Reproduce all entries precisely, down to the last character.

Collected data entries
[Start of Attachment]

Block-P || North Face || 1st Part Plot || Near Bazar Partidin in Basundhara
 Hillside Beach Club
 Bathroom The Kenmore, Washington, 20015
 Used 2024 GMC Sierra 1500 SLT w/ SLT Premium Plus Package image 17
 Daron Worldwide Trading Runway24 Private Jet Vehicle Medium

[End of Attachment]

= RESPONSE AREA =
Block-P || North Face || 1st Part Plot || Near Bazar Partidin in Basundhara
 Hillside Beach Club
 Bathroom The Kenmore, Washington, 20015
 Used 2024 GMC Sierra 1500 SLT w/ SLT Premium Plus Package image 17
 Daron Worldwide Trading Runway24 Private Jet Vehicle Medium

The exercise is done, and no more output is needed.